Pero a lo mejor ni eso: Marcuse cree que el sistema es capaz de ofrecer “ajustes y concesiones”, además de contar con el ejército y la policía para frenar a los disidentes en caso necesario. Y podríamos añadir que muchos de quienes están fuera de esta sociedad de consumo quieren acceder a ella, no cambiarla. No buscan cortar la cabeza de los reyes o acabar con la burguesía: quieren ser un noble o un propietario más.

Se podría decir que eso es lo que pasó con el movimiento estudiantil de finales de los años sesenta, que él apoyó.
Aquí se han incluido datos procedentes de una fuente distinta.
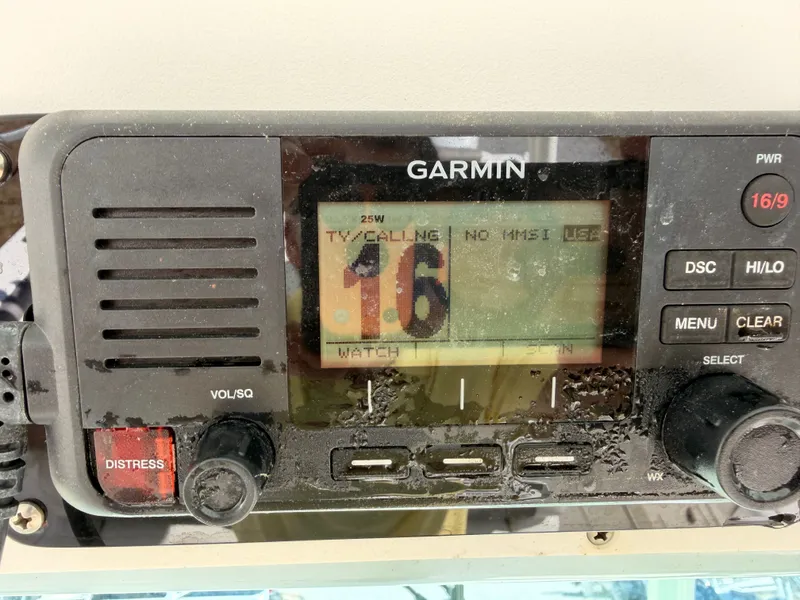 Slide: The Image of World Cat 320 CC 2019 - 21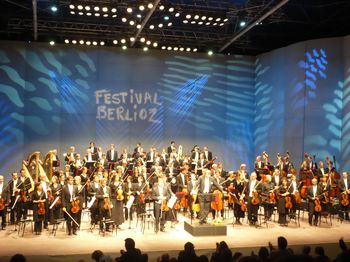 orchestre national de lyon festival berlioz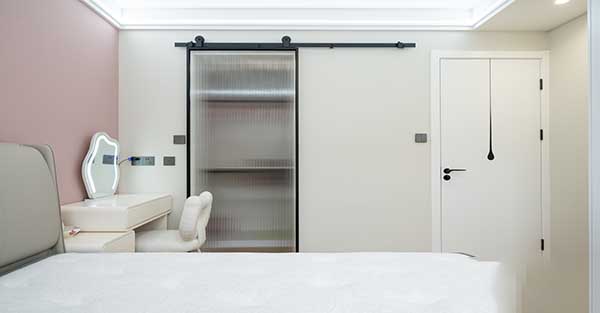 杭州市家装公司哪家好,杭州软装公司排名前十强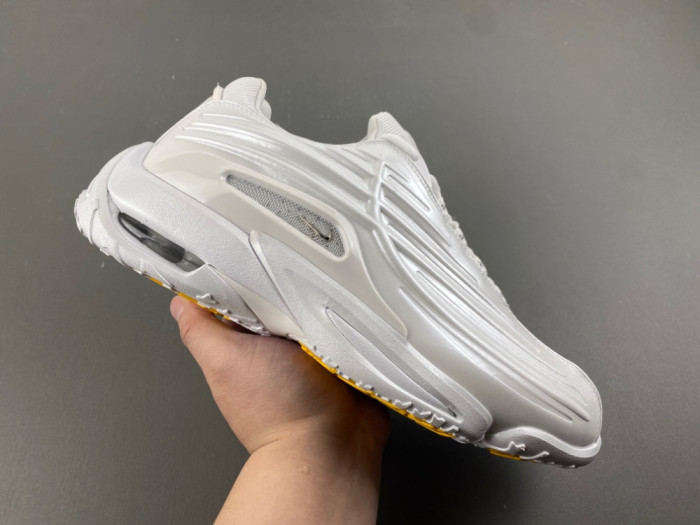 NOCTA x Nike Hot Step 2 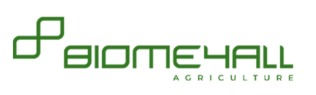 BIOME4ALL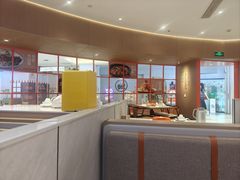 -北大荒人•新东北菜(青岛银座店)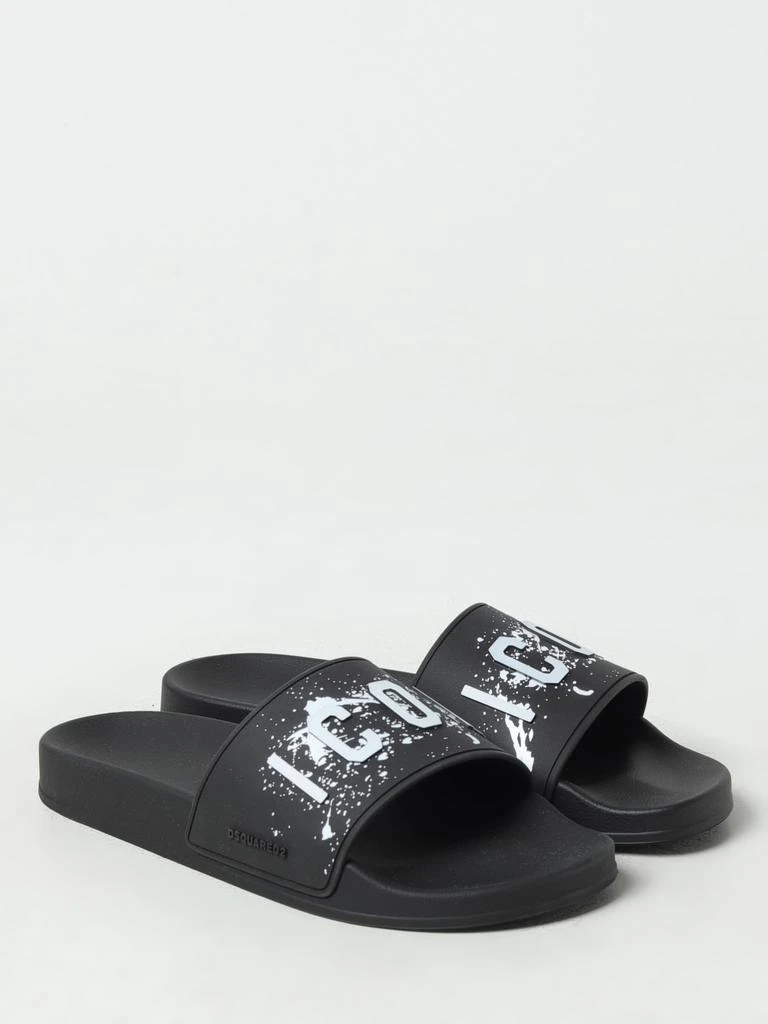 DSQUARED2 Shoes men Dsquared2 2
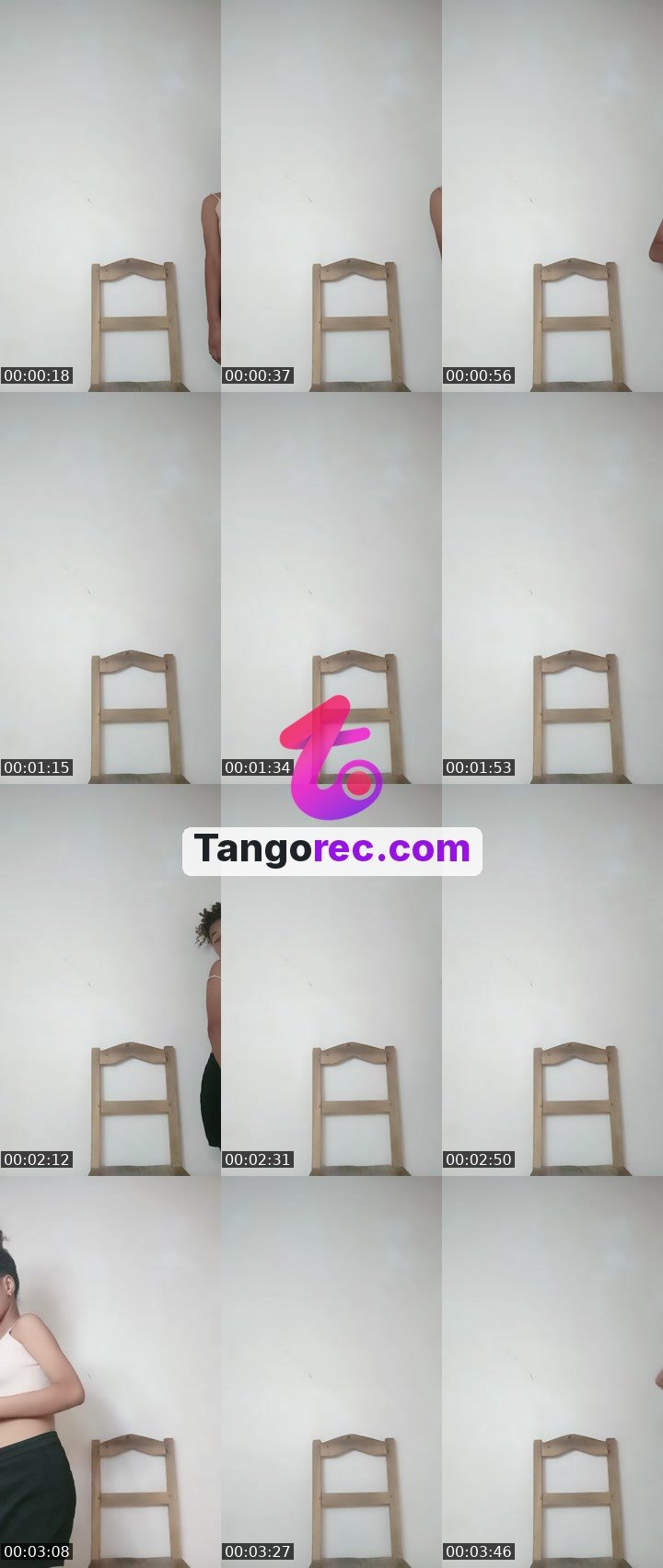 @ruggedram-229767 Tango live from 2026-09-17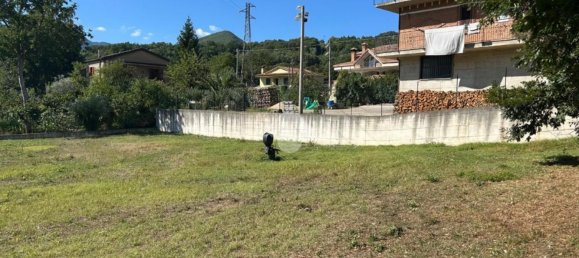 3340m² Land in San Michele di Serino, Italy No. 259045 15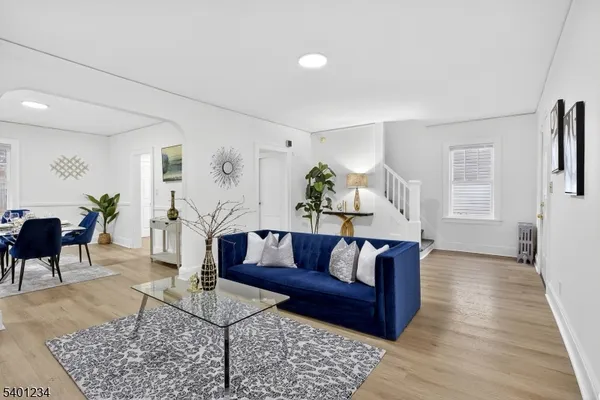 $3,300 | 1442 Highland Avenue, Hillside, NJ 07205
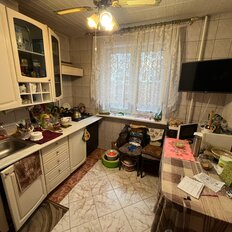 Квартира 70,4 м², 3-комнатная - изображение 2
Las protestas vinieron de grupos al margen: el pacifismo, la segunda ola del feminismo, el antirracismo… Como explican Abromeit y López

Sáenz, Marcuse mostró a los pensadores y activistas jóvenes cómo todos estos problemas no eran independientes, sino que tenían la misma raíz: el sistema capitalista y sus técnicas de control de la disidencia.

Pero, como auguraba Marcuse, estos movimientos fueron reprimidos y muchos de sus protagonistas acabaron formando parte del establishment, aunque fuera de un modo crítico… Y aunque muchas de sus ideas hayan contribuido a avances notables (que quizás el filósofo vería solo como concesiones).

El populismo neofascista

Las ideas de Marcuse quedaron eclipsadas durante muchos años por la nueva generación de teóricos críticos, con Jürgen Habermas a la cabeza, por el liberalismo de John Rawls y por el posmodernismo. Pero ya en 1999, en su Historia de la filosofía en el siglo XX, el filósofo Christian Delacampagne preveía que, en un mundo aún más unidimensional, sus críticas podrían volver a convertirse en muy actuales: “La tecnocracia capitalista no ha evolucionado en lo fundamental. Continúa siendo igual de autoritaria, igual de impotente para asegurar la felicidad de la mayor parte de la humanidad. Aquí o allá, sus crisis favorecen el retorno del fascismo, incluso de ciertas formas —apenas disimuladas— de nacionalsocialismo”.

De hecho y como explica Abromeit, el análisis de Marcuse es útil para entender el ascenso de los populismos. El filósofo ya anticipó en un ensayo de los años setenta, “El destino histórico de la democracia burguesa”, el resurgimiento de estos movimientos de extrema derecha, que no dudaba en llamar neofascistas. Los consideraba una amenaza para la democracia por sus ideas totalitaristas y por su alianza con los grandes poderes económicos, como ya pasó con el nazismo.

Abromeit pone el ejemplo del candidato republicano a la vicepresidencia de Estados Unidos, J. D. Vance: en su carrera política se ha presentado como un protector de las clases populares, pero depende del poder de “élites conservadoras poderosas”, como el millonario de extrema derecha Peter Thiel, “que también apoyó la campaña de Donald Trump en 2016″. Las sociedades modernas capitalistas “reproducen las condiciones políticas y sociales que llevan al fascismo. Así que el fascismo no es una casualidad”.

De nuevo, Marcuse nos ofrece claves para entender y analizar nuestra cultura, nuestra economía y nuestra política, aunque no estemos de acuerdo con él. Y, sobre todo, nos ayuda a buscar espacios de resistencia y de crítica, con el objetivo de alcanzar una vida más plena y más justa. Es decir, con más de una dimensión.